▶ **THE DATA**
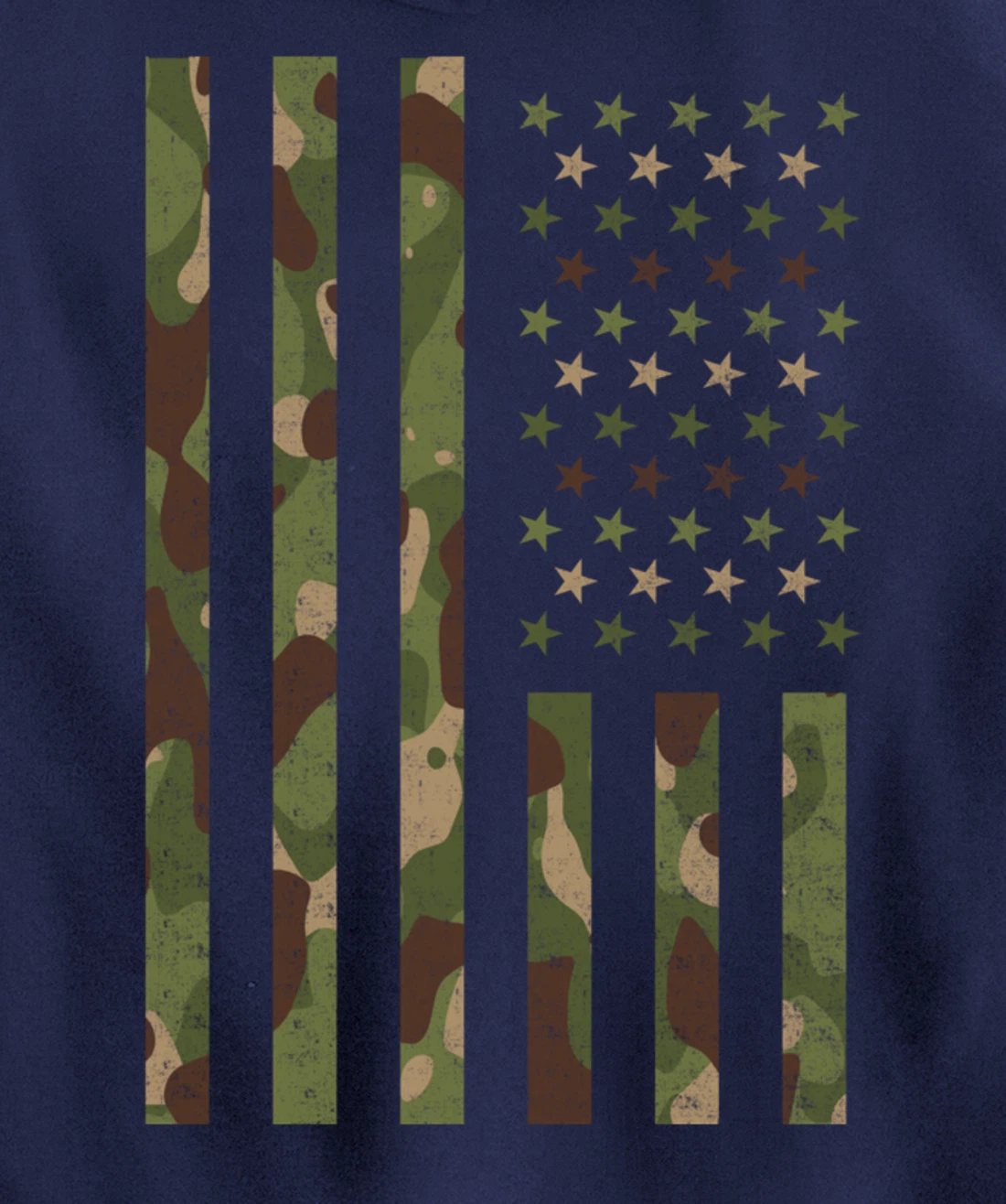 American Flag - USA Flag - Military - Veteran - Camouflage Pullover Hoodie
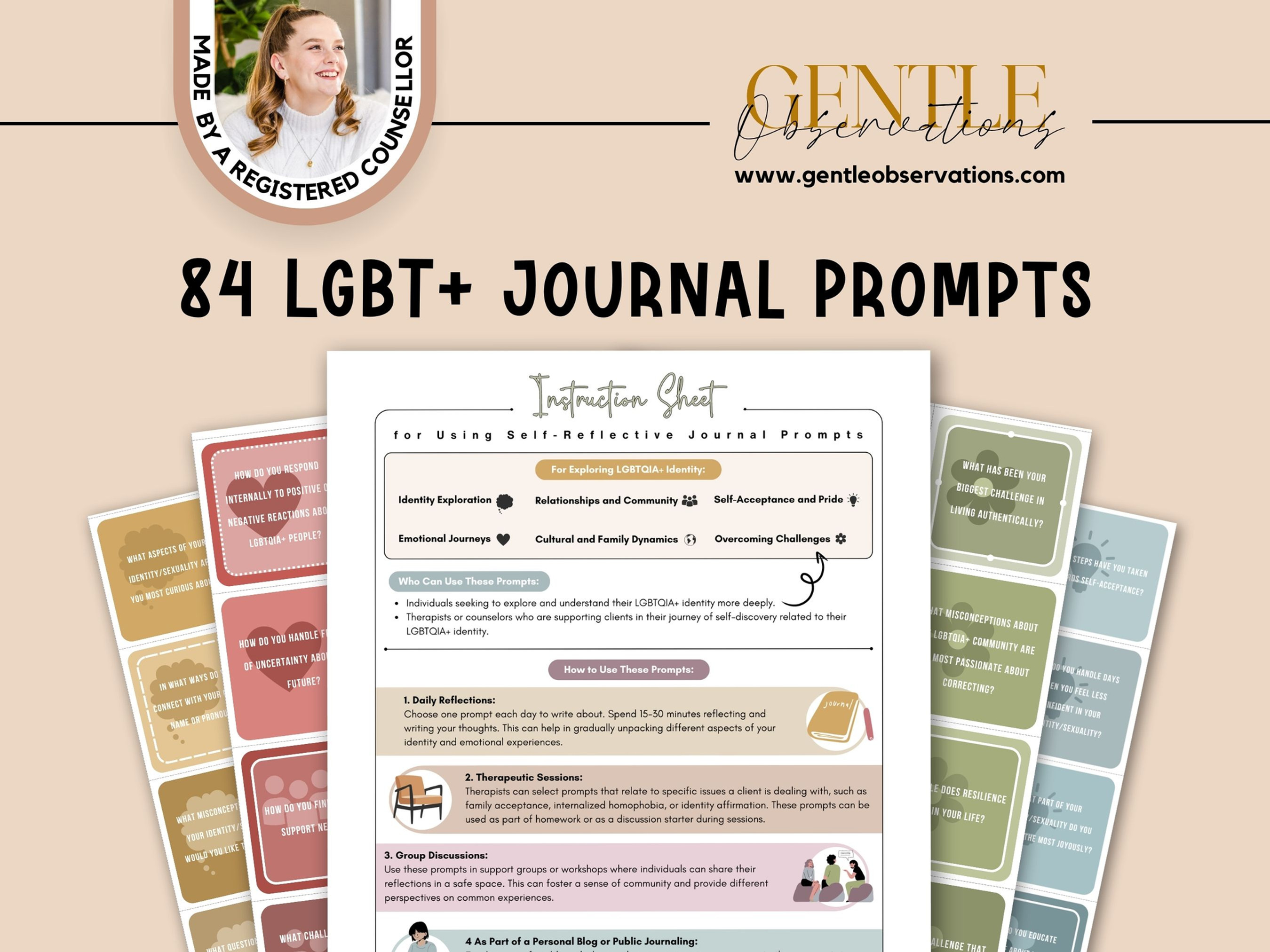 LGBTQIA+ Journal Prompts/Discussion Cards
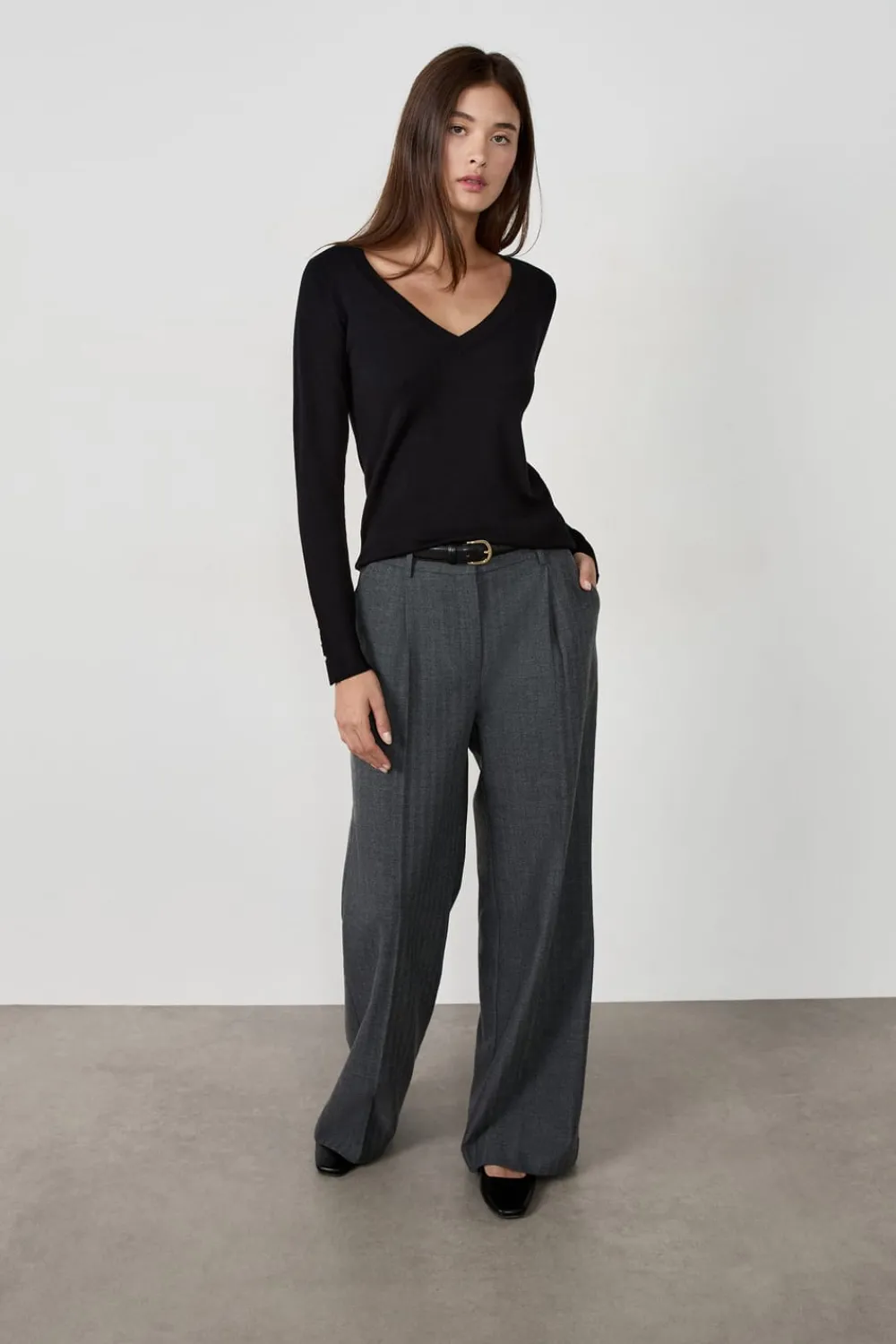 Hot ETAM Pantalón ancho de rayas tenis GRIS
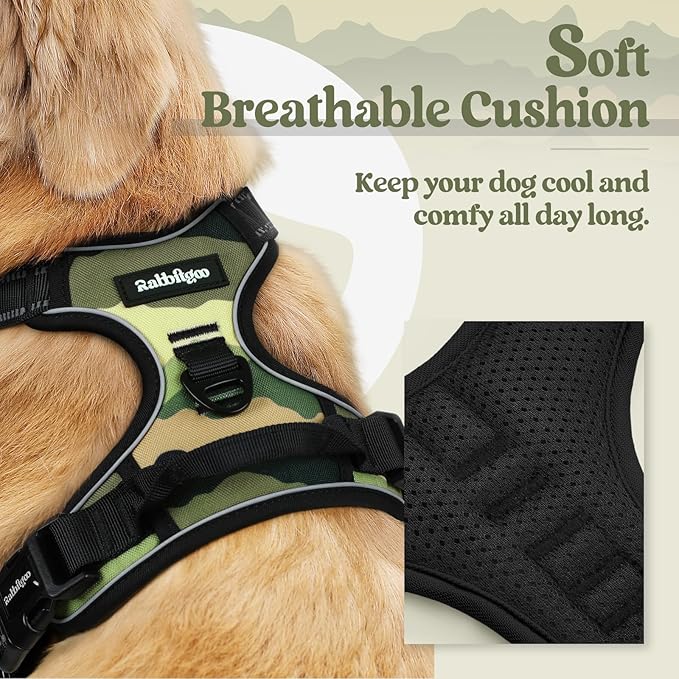 rabbitgoo Dog Harness No Pull with 2 Leash Clips, Adjustable Soft Padded, Reflective Oxford No Choke Pet Vest with Easy Control Handle for Large Dogs, Green Mountain,S-Mewly Pet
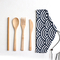 La fourchette en bois de voyage portatif naturel de logo d'OEM administre les couverts à la cuillère en bois en bambou de vaisselle plate de couteaux réglés pour la cuisine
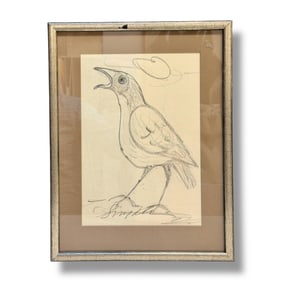 American 20th Century Oregon Artist Amanda Tester Snyder Framed Original Drawing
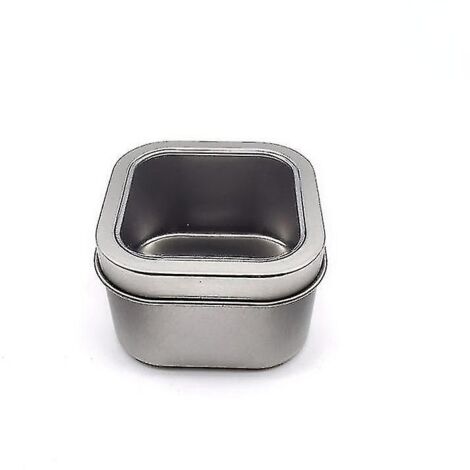 Boîte en métal carrée argentée et noire pour la fabrication de bougies et le rangement de bijoux - 3 tailles (1/3)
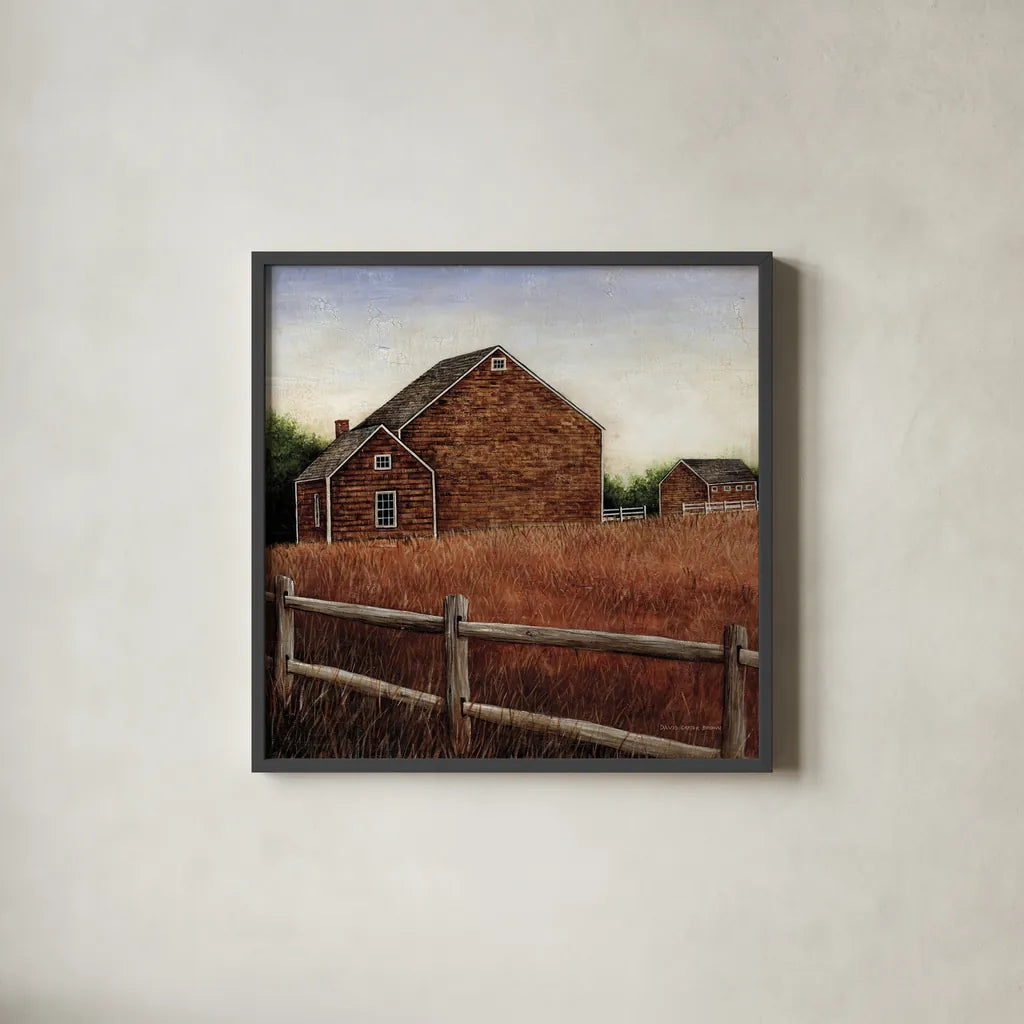 Weathered Barns by David Carter Brown. Shown in a sleek black glass frame for a contemporary gallery look. Available as an archival giclee rolled canvas, fine art paper, or poster print. SKU 19505a.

▶ **EXERCISE INSTRUCTIONS**
Your job is to copy every entry exactly. Omit the pictures.

▶ **ANSWER SPACE**
 American Flag - USA Flag - Military - Veteran - Camouflage Pullover Hoodie
 LGBTQIA+ Journal Prompts/Discussion Cards
 Hot ETAM Pantalón ancho de rayas tenis GRIS
 rabbitgoo Dog Harness No Pull with 2 Leash Clips, Adjustable Soft Padded, Reflective Oxford No Choke Pet Vest with Easy Control Handle for Large Dogs, Green Mountain,S-Mewly Pet
 La fourchette en bois de voyage portatif naturel de logo d'OEM administre les couverts à la cuillère en bois en bambou de vaisselle plate de couteaux réglés pour la cuisine
 American 20th Century Oregon Artist Amanda Tester Snyder Framed Original Drawing
 Boîte en métal carrée argentée et noire pour la fabrication de bougies et le rangement de bijoux - 3 tailles (1/3)
 Weathered Barns by David Carter Brown. Shown in a sleek black glass frame for a contemporary gallery look. Available as an archival giclee rolled canvas, fine art paper, or poster print. SKU 19505a.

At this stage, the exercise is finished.